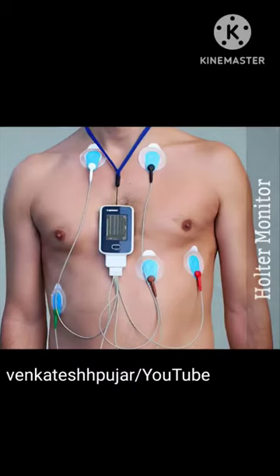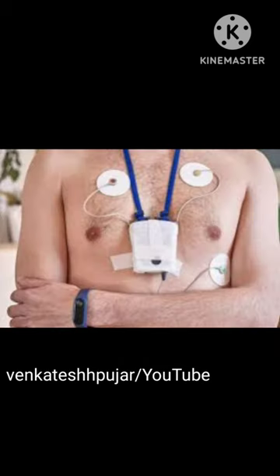In this video I am going to discuss the Holter monitor test. A Holter monitor is a small wearable device that records the heart rhythm. It is used to detect or determine the risk of irregular heartbeat.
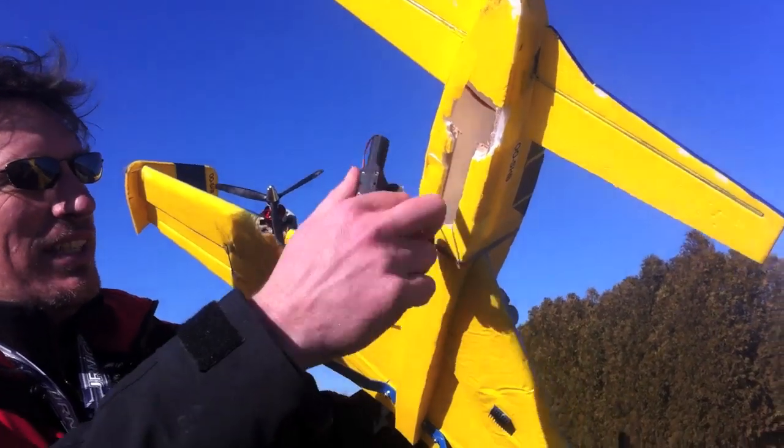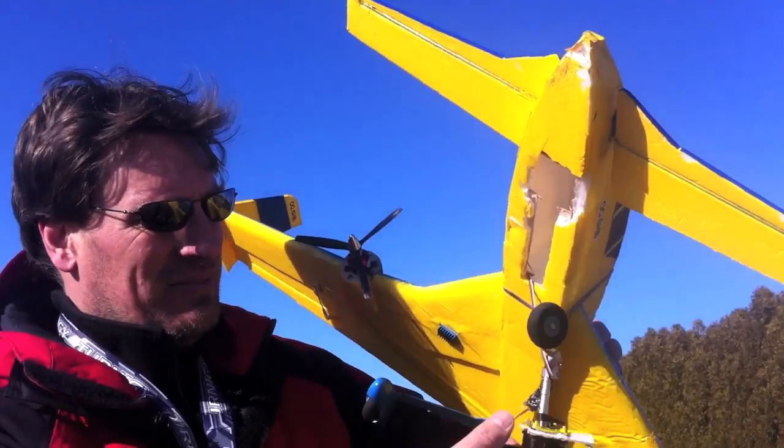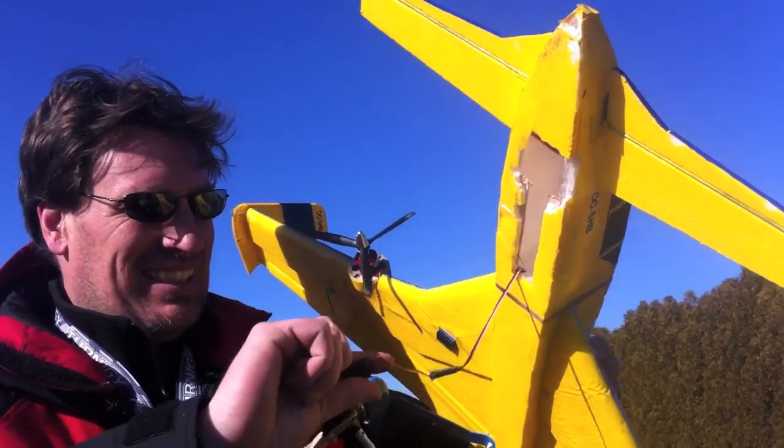Very good. I think it's a little tail heavy. Yeah. The CG of these things is rather weird.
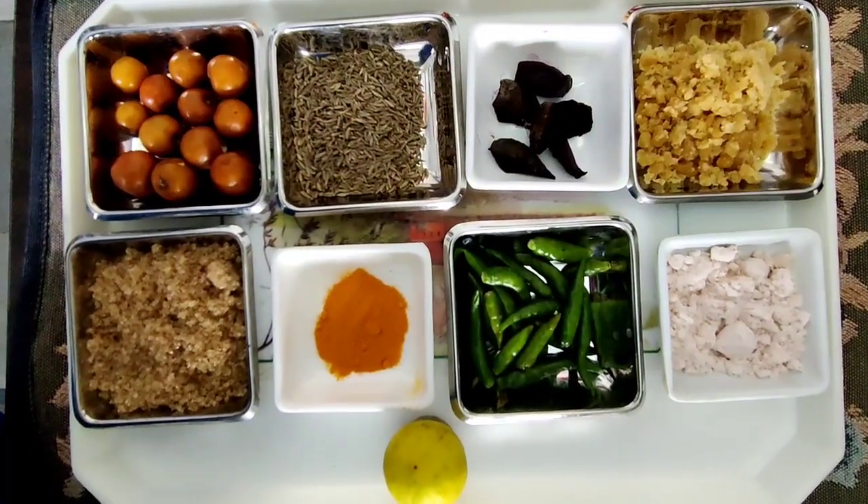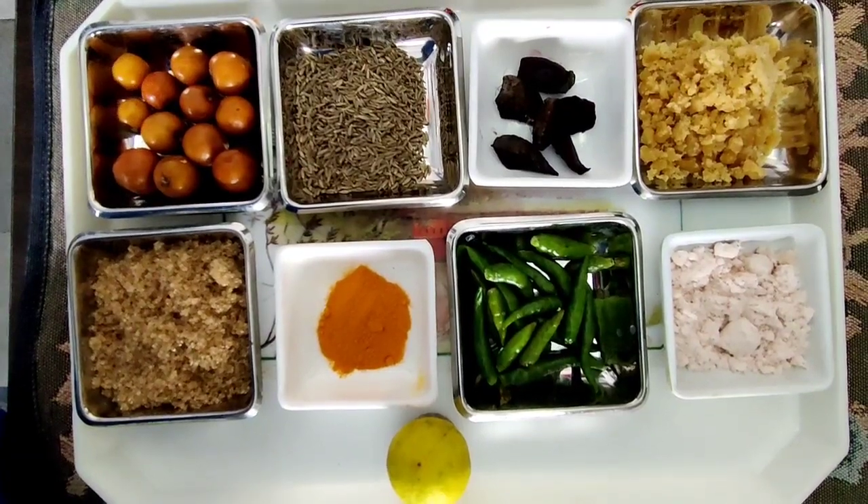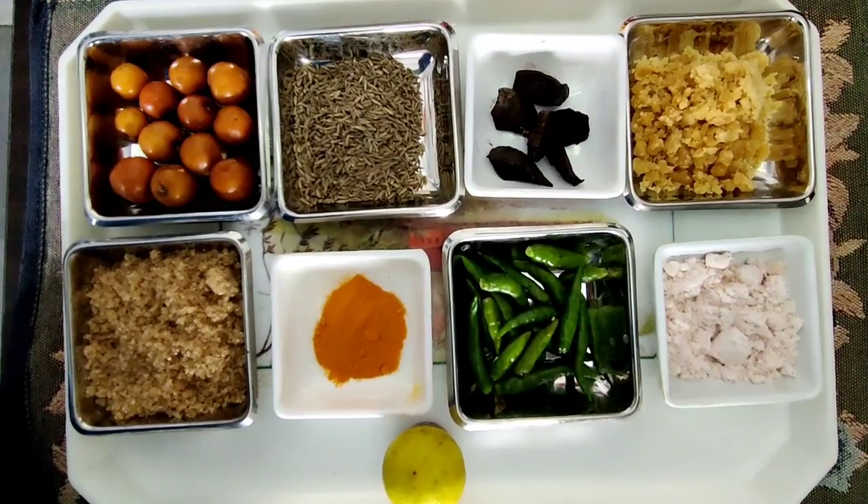Hi friends, welcome to Supriya's Innovative Cookbook. Today I am preparing spicy bare fruit vada. These are the ingredients we are going to add.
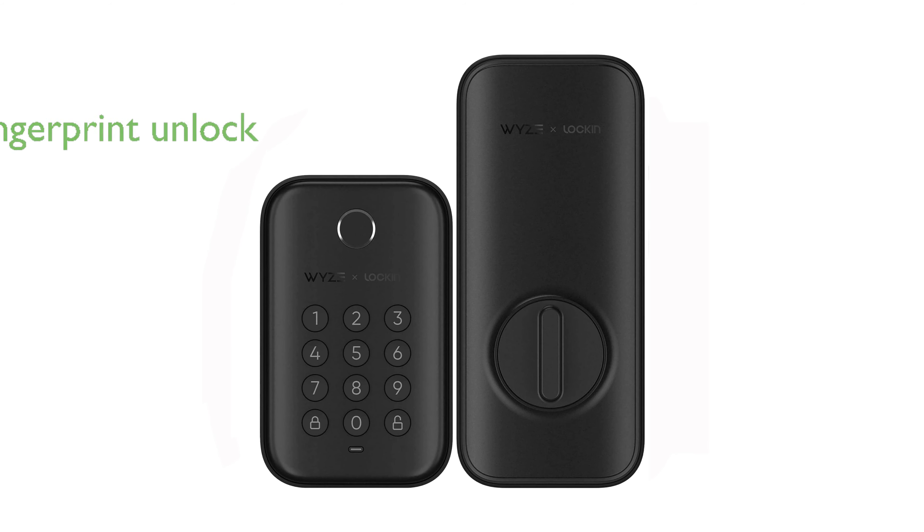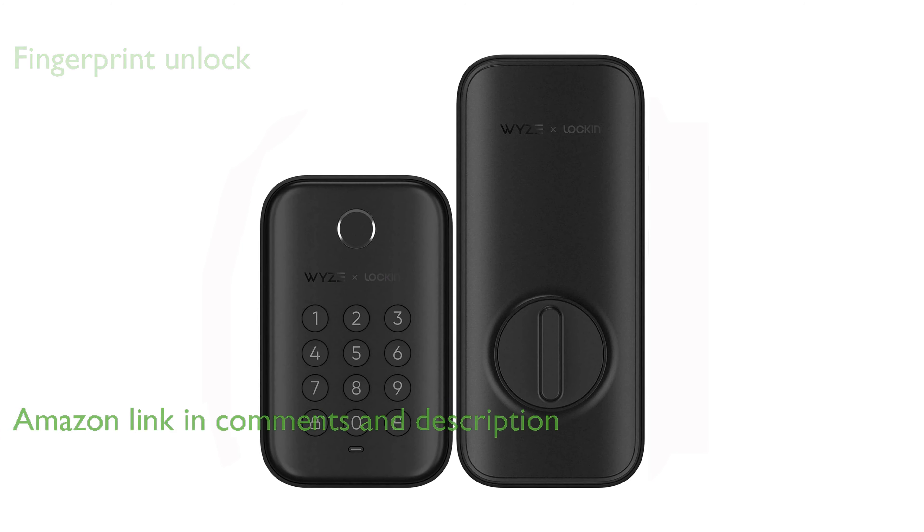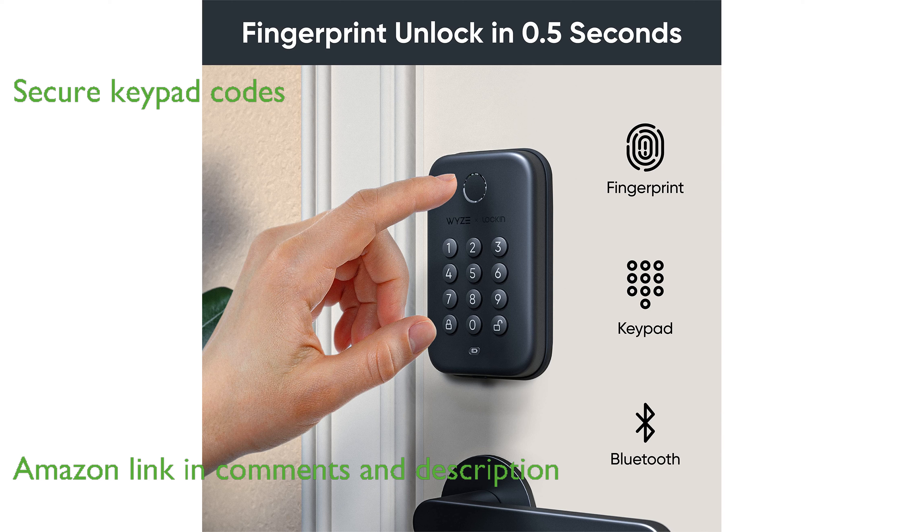The Wyze Smart Deadbolt Lock WB-1 offers an impressive fingerprint unlocking feature, allowing you to access your door swiftly without keys. With its innovative numbered keypad and anti-peep technology, you can confidently create unique access codes for family and visitors.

[What the task requires]: Please reproduce verbatim the lines from the line with "Very good. I" through the final line of the listing, inclusive of both ends. Omit all pictures.

[Solution for this task]:
Very good. I think it's a little tail heavy. Yeah. The CG of these things is rather weird.
Hi friends, welcome to Supriya's Innovative Cookbook. Today I am preparing spicy bare fruit vada. These are the ingredients we are going to add.
The Wyze Smart Deadbolt Lock WB-1 offers an impressive fingerprint unlocking feature, allowing you to access your door swiftly without keys. With its innovative numbered keypad and anti-peep technology, you can confidently create unique access codes for family and visitors.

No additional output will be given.